Virginia Med Payments Per Workers’ Comp Claim Among Highest of Study States

Driven primarily by prices, medical payments per workers’ compensation claim with more than seven days of lost time in Virginia were among the highest of the study states, according to a recent study issued by the Workers Compensation Research Institute (WCRI).

The report, CompScope Medical Benchmarks for Virginia, 16th Edition, found that overall medical payments per workers’ compensation claim with more than seven days of lost time were 33 percent higher in Virginia than the median of the study states.

The report studied medical payments, prices, and utilization in 17 states, including Virginia, looking at claim experience through 2014 on injuries that occurred in 2013 and earlier. WCRI’s CompScope Medical Benchmark studies compare payments from state to state and across time.

The 17 states in the study — Arkansas, California, Florida, Georgia, Illinois, Indiana, Iowa, Louisiana, Massachusetts, Michigan, Minnesota, New Jersey, North Carolina, Pennsylvania, Texas, Virginia, and Wisconsin — represent more than 60 percent of the nation’s workers’ compensation benefit payments, WCRI noted.

“As this report shows, medical prices in Virginia were a contributing factor to higher payments that employers pay on workers’ compensation claims, and medical prices continue to grow,” said Ramona Tanabe, WCRI’s executive vice president.
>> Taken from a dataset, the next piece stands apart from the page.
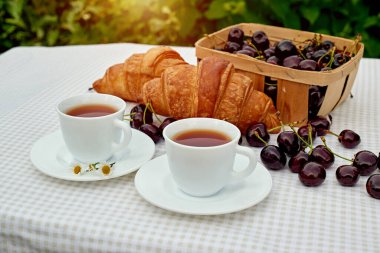 Beyaz arka planda taze kruvasan ve kirazlı siyah çay. Bahar kahvaltısı kavramsal kompozisyonu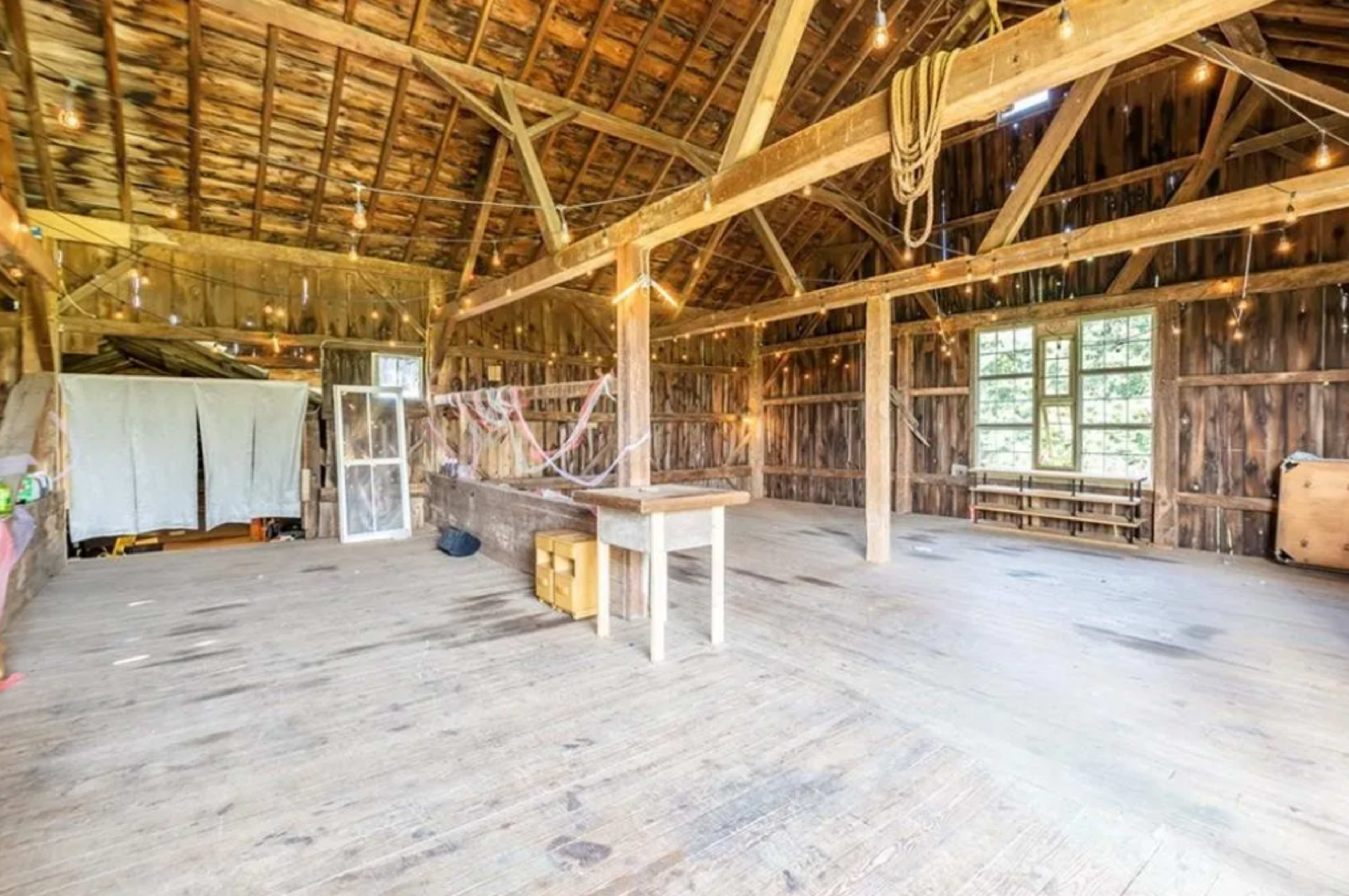 The interior of a rustic barn with wooden walls, a high ceiling, and a spacious wooden floor, featuring simple furniture and decor.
For nonhospital providers (physicians and physical/occupational therapists), overall prices were 13 percent higher than the 17-state median, while utilization — a measure that includes number of visits per claim and services per visit as well as the resource intensity of services provided — was mostly typical.
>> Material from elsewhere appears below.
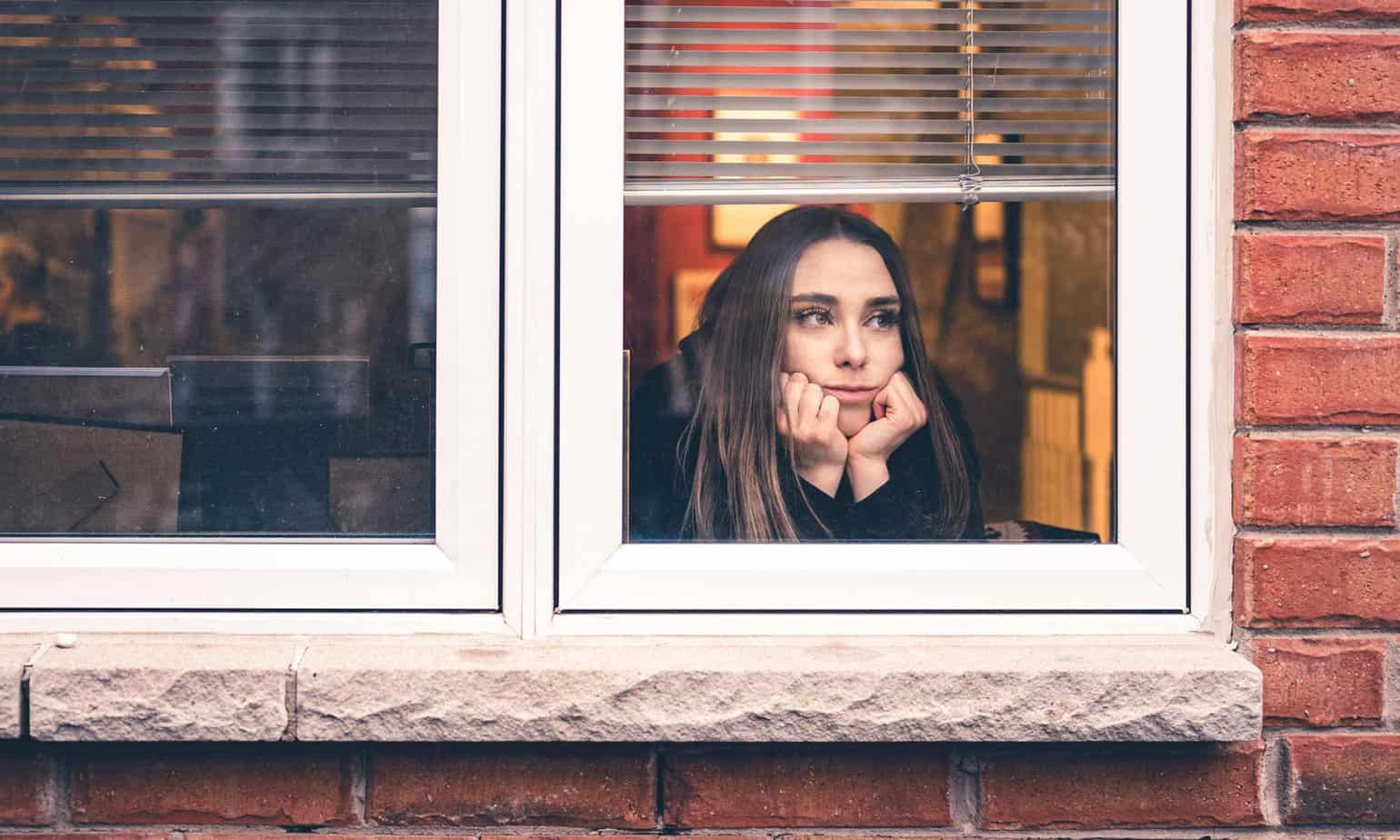 woman looking sad through a window with hands on face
Higher-than-typical prices also contributed to higher payments per claim for outpatient services, according to WCRI’s study.

The study also found that medical payment per workers’ compensation claim with more than seven days of lost time in Virginia changed little in 2013, after rapid growth in earlier years. This reflects offsetting trends for nonhospital providers—prices for nonhospital services continued growing, while utilization decreased.

The Workers Compensation Research Institute (WCRI) is an independent, not-for-profit research organization based in Cambridge, Massachusetts.